Regroupements et communautés d’autoconsommateurs
Plusieurs consommateurs peuvent aujourd’hui se réunir pour produire et consommer leur propre électricité, afin d’augmenter leur part d’autoconsommation. Clarifions quelques termes induits par les nouveaux systèmes de production et de consommation.
AUTOPRODUCTEUR
On appelle autoproducteur toute personne bénéficiant de sa propre installation de production d’énergie. Il est généralement également autoconsommateur, en ce sens qu’il consomme l’énergie produite.
AUTOCONSOMMATEUR
On appelle autoconsommateur toute personne consommant sa propre énergie (il est alors également autoproducteurs) ou celle produite par un regroupement ou une communauté. Plusieurs autoconsommateurs peuvent profiter de l’énergie partagée par un ou plusieurs autoproducteurs.

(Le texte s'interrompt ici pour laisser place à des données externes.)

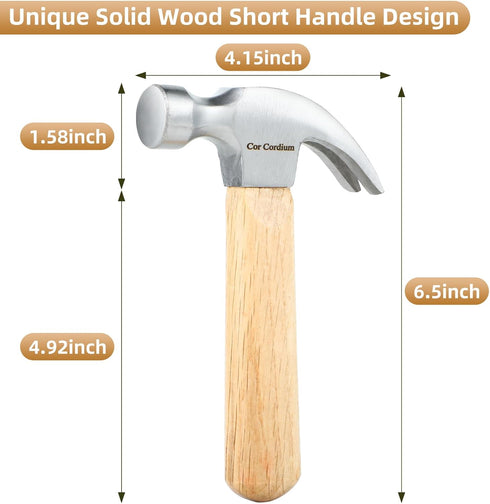 Hammer, Claw Hammer with Wood Handle and Steel Hammer Head, 8 OZ Small Hammer for House & DIY...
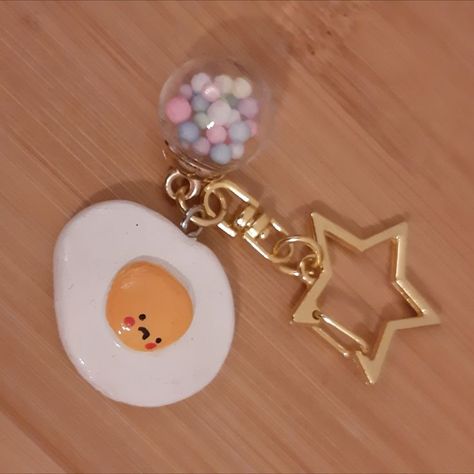 Handmade clay keychain from @deadedens available on Etsy <3 ! Egg Keychain, Clay Keychain, Handmade Clay, Egg, Charm Bracelet, Pins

REGROUPEMENT D’AUTOCONSOMMATEURS (RCP)
Un RCP réunit des autoproducteurs et des autoconsommateurs autour d’un ou plusieurs bâtiments voisins. Les autoproducteurs peuvent partager l’énergie qu’ils produisent avec des autoconsommateurs.
Le plus : dans le cadre d’un RCP, les consommateurs peuvent dépasser les 100 000 kWh par année, en additionnant leur consommation d’énergie. Ils peuvent ainsi, s’ils le souhaitent, passer sur le marché libre de l’électricité et profiter de prix intéressants pour acheter l’énergie qui leur manquerait.
COMMUNAUTÉS D’AUTOCONSOMMATEURS (CA)
Une CA réunit plusieurs autoconsommateurs autour de la production d’un unique bâtiment (contrairement au regroupement qui peut réunir les consommateurs de plusieurs bâtiments).
Le plus : la constitution d’une communauté d’autoconsommateurs n’implique le plus souvent pas de changements d’équipements. De plus, chaque membre de la communauté reste, aux yeux du GRD, un client individuel, et peut décider de quitter la CA en tout temps.
Pour découvrir ce sujet plus en détails, téléchargez le livre blanc de Romande Energie consacré aux regroupements et communautés d’autoconsommateurs.
Un petit village tessinois mène un projet novateur
L’exemple de Lugaggia illustre à lui seul les opportunités offertes par une approche commune de production d’énergie. Le petit village tessinois mène actuellement un projet de recherche : 18 maisons d’habitation, une école enfantine et une batterie de quartier ont été interconnectées. Le projet pilote associe les riverains à la réflexion et intègre des compteurs d’électricité dits intelligents pour optimiser l’autoconsommation dans le quartier. Deux méthodes y sont testées : un système centralisé, un autre décentralisé. La première année, la consommation d’électricité (mise en marche des chauffe-eau ou des pompes à chaleur) sera réglée via une plateforme centralisée et en s’appuyant sur des algorithmes connectés à la station météorologique du quartier. La seconde année, les compteurs intelligents individuels des ménages communiqueront directement les uns avec les autres. Le souhait est de décharger le réseau et d’économiser de l’argent, mais aussi d’acquérir des connaissances du terrain au service de la recherche. Le quartier qui fonctionne à l’électricité solaire continuera d’être exploité après les deux années de recherche, sous la forme d’une communauté énergétique.